I have a 29 gallon 'Aquael' aquarium and I am still using the stock lighting that it came with. I have some (not many) plants in here already, but I would like to add more and I was wondering if anyone could help me identify the strength of the light fitting? I only really would like to go for relatively low light plants but I want to make sure that I am doing this correctly! 

The bulb has 'Aquael f24t5/d' written on it, but there is no more information than that! 
The Aquael website gives this general information about its aquarium lights:

*'Lumofor is a regular type of bulb with rays similar to daylight. It is the standard equipment of all AQUAEL aquarium sets.


Product features
Gross weight: 0.083 [kilogram] 
Quantity in wholesale packaging: 25.0 [one] 
Width of packaging: 2.8 [centimetre] 
Length of packaging: 46.2 [centimetre] 
Heigth of packaging: 28.0 [centimetre] 
Power: 15 W
Diameter: T8 (26 mm)
Length: 77 cm'
Hood lighting IP67*

I have taken a picture of the fitting, as I have a feeling that this light is not adequate for a planted tank (15 watts seems very low for a 26 gallon tank) and was wondering if I could just put a new, more appropriate bulb into the fitting already supplied???
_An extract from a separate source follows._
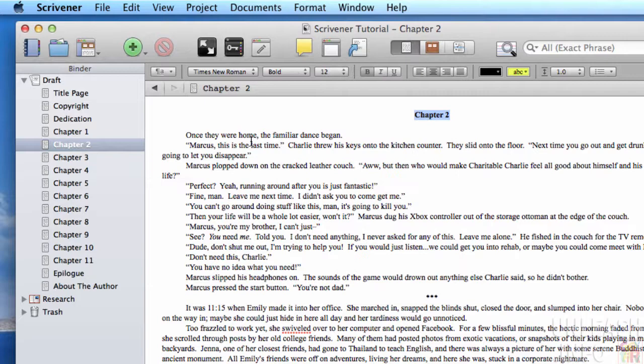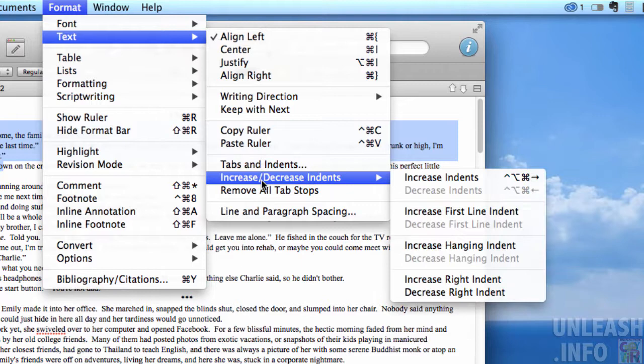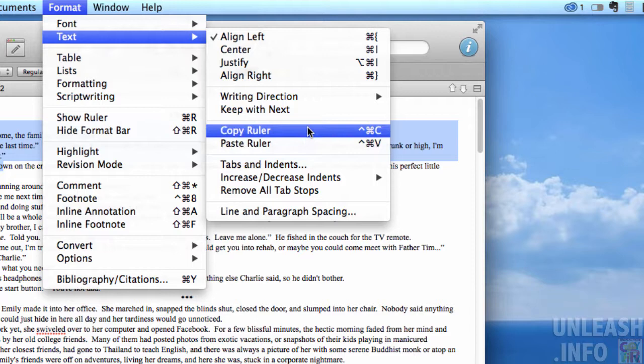There are various things that you can utilize here, so you might want to go into text, increase and decrease, indents, etc.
What type of lighting would be the most appropriate for a 26 gallon planted tank? my tanks dimensions are 80 × 35 × 40cm (31 × 14 × 16”)
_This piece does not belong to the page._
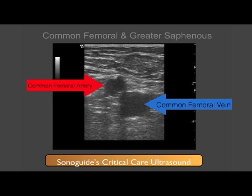However, on this image obtained from a different patient, you will note a more textbook anatomy of the common femoral artery and vein. If you recall from anatomy class, the mnemonic NAVAL — the common femoral artery is more lateral to the common femoral vein, as you would classically see.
Thanks, I am just starting out with this so any advice that you would like to give to a new member would be greatly appreciated. I have tried to work out the number of watts my tank needs, but there seems to be quite a lot of conflicting advice as to whether this rule still applies, so I though it would be easier just to ask the experts!

Sorry for the essay! 

Clare x


----------



## Hoppy (Dec 24, 2005)

It would take about 3 of those bulbs to give you good low light, especially since they have virtually no reflectors. You could retrofit an AH Supply 55 watt bright kit and get good medium light http://www.ahsupply.com/inter.htm


----------



## Sunny_16 (Dec 29, 2010)

Thanks for the reply!

Would it be cheaper and easier just to buy a different lid with the same dimensions? I would not know how to go about retrofitting the new fixtures. 

Clare


----------



## Hoppy (Dec 24, 2005)

I doubt that you will find a new lid for that tank that is any different from the one you have. If the tank is also sold as a reef tank there might be a better lid available, but not otherwise. If you know someone with just basic electrical knowledge you could ask him/her to install an AH Supply kit for you. It isn't very difficult or complicated.


----------



## Sunny_16 (Dec 29, 2010)

Thank you for your help! 

Well, I went along to my local Pets at Home tonight on a whim, and the guy in their ends up giving me a replacement T5 unit that was originally meant for a Fluval Venezia 190 corner aquarium, another T8 light fitting for a friend who has the same tank and same problem as me, and a 15 US gallon fish tank for £30!It was all ex-display/end of range stuff so he was quite happy to give it to me for that price! Total bargain.

I am going to try to mod my aquarium to the fluval at the weekend! it gives off plenty of light so i am very happy!

I love it when stuff like this happens! 
Clare x


----------